# Family Fishing



## zepman167 (Jun 13, 2017)

Hey guys and gals,

I am new to the forums and also getting back into fishing which I haven't done in years. The other problem is I'm not familiar with the fresh water places around here(live in Navarre). I know about hurricane lake and bear lake, haven't fished them yet. But that comes to my question. I want to take my daughter fishing(she loves it got mad this morning when I didn't wake her up to take her with me to a pond we have near our house). Where can I take her that she can have fun and maybe catch some fish and enjoy herself also maybe allow me to catch some too! Any help would be great!


----------



## Downtime2 (Sep 27, 2007)

If you have a boat, there are some fish in Bear Lake. These are from a couple weeks ago...


----------



## zepman167 (Jun 13, 2017)

Sorry forgot to put that in the post. I do not have a boat. looking at shore fishing on the lakes.


----------



## Fishing Grandpa (Jul 2, 2017)

zepman167 said:


> Sorry forgot to put that in the post.
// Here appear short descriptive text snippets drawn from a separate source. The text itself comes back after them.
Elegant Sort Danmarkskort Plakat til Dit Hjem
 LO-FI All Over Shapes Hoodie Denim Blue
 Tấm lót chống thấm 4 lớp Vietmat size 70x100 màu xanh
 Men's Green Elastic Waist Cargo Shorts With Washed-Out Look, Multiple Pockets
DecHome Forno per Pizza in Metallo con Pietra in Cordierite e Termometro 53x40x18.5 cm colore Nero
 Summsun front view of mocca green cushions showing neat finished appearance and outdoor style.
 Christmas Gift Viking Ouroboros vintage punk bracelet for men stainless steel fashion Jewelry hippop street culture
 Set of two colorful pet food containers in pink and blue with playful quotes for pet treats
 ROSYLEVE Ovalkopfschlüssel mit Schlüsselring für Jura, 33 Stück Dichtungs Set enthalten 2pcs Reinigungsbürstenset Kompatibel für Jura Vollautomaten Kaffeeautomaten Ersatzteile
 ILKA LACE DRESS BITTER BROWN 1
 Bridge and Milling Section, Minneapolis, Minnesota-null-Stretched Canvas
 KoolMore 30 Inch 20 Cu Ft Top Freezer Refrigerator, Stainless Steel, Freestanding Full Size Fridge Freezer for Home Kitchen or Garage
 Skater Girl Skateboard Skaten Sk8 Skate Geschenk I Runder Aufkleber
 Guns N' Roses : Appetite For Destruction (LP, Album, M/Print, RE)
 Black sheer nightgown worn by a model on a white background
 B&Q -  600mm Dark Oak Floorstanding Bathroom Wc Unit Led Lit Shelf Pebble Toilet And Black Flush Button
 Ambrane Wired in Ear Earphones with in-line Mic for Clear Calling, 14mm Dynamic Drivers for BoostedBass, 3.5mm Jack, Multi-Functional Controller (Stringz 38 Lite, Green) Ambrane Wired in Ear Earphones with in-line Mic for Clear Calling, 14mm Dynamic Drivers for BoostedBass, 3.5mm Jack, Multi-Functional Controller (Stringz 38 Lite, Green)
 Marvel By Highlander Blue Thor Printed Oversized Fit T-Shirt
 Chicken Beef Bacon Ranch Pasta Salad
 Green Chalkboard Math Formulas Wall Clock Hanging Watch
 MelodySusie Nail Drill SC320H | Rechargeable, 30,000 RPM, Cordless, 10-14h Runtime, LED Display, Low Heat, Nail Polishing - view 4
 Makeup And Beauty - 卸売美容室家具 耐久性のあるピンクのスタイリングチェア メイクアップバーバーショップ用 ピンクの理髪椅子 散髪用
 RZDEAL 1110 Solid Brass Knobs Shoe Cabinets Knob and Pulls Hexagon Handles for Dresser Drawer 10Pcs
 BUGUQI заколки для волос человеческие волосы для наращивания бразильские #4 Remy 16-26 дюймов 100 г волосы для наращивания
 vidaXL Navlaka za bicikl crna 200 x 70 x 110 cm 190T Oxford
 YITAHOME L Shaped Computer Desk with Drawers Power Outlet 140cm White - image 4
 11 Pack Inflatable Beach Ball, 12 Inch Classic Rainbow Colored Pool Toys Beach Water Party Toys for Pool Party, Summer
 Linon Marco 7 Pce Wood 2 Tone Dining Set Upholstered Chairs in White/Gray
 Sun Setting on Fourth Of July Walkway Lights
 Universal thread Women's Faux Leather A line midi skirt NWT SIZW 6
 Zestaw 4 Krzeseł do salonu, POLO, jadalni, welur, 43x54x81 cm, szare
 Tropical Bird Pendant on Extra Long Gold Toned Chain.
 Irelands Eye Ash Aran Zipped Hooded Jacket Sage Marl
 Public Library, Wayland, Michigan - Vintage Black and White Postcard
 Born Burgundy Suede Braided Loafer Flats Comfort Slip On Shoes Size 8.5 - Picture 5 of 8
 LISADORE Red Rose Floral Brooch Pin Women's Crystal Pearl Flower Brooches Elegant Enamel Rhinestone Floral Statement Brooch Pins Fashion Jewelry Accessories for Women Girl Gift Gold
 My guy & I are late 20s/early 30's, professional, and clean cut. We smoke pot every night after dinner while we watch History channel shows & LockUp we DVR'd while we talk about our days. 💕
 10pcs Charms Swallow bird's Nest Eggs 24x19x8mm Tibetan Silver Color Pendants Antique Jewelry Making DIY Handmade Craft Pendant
I do not have a boat. looking at shore fishing on the lakes.


 Hello there Zep. I know you are looking for fresh water, but have you tried fishing saltwater from the shore? I do know that children get a real kick out of catching pin-fish. Not good to eat but not hard to find either. I often catch one or two to feed to the herons that come and watch me fish.
You might even catch a trout or redfish.
Best wishes fishing with your daughter, good man.


----------



## joshuae2 (Sep 18, 2011)

Welcome to the forum. Fresh water bank fishing is tough around here. There isn't really a good place to bank fish in the rivers. I have fished Bear Kerick and Hurricane lakes with very little success. you could also try Leon Brooks Heins which is just north of Hurricane. I have herd some people talking about a pond somewhere around Milton that is a pay per pound place that is really good for bank fishing but I cant remember the name of it. There is a pier in Bagdad at the oyster pile that's on the Blackwater river. I would say the best bet is to find these stocked pay ponds to fish in I know there are a few around, crickets, red worms, wigglers are your best baits. you could always get a small boat, the yellow river is great place for bream.


----------



## joshuae2 (Sep 18, 2011)

Downtime2 said:


> If you have a boat, there are some fish in Bear Lake. These are from a couple weeks ago...


 
That's is the biggest mess of fish I have ever seen from Bear lake.


----------



## FishWalton (Jul 22, 2010)

For a child to catch fish and get excited there is no better place than Steves Farms up at Walnut Hill. It's a pay pond but you are practically guaranteed to catch fish. Even adults get a kick out of catching. 
If you don't want to travel that far you might checkout Crescent Lake off W. Brent Lane in Pensacola. There may be some bank fishing there. I saw a report that there may be some big catfish in there. 
Checking around you can find any number of places to fish saltwater from shore and catch pin fish and croakers, and maybe even a better fish.


----------